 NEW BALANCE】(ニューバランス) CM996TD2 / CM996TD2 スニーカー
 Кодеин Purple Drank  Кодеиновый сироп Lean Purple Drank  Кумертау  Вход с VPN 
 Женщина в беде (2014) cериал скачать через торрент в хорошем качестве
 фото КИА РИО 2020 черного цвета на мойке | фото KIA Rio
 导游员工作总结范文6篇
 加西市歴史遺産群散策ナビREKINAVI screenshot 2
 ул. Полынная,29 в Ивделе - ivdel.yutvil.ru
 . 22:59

======

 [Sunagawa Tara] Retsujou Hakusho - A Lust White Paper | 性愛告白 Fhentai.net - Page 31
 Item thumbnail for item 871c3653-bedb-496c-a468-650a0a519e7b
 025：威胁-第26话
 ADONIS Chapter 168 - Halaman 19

======

--- What this task involves ---
Give back, unchanged, the run of lines in the listing above that begins at the line containing "NEW BALANCE】(ニューバランス) CM996TD2" and ends at the line containing "加西市歴史遺産群散策ナビREKINAVI screenshot 2", both included.

--- Output below ---
 NEW BALANCE】(ニューバランス) CM996TD2 / CM996TD2 スニーカー
 Кодеин Purple Drank  Кодеиновый сироп Lean Purple Drank  Кумертау  Вход с VPN 
 Женщина в беде (2014) cериал скачать через торрент в хорошем качестве
 фото КИА РИО 2020 черного цвета на мойке | фото KIA Rio
 导游员工作总结范文6篇
 加西市歴史遺産群散策ナビREKINAVI screenshot 2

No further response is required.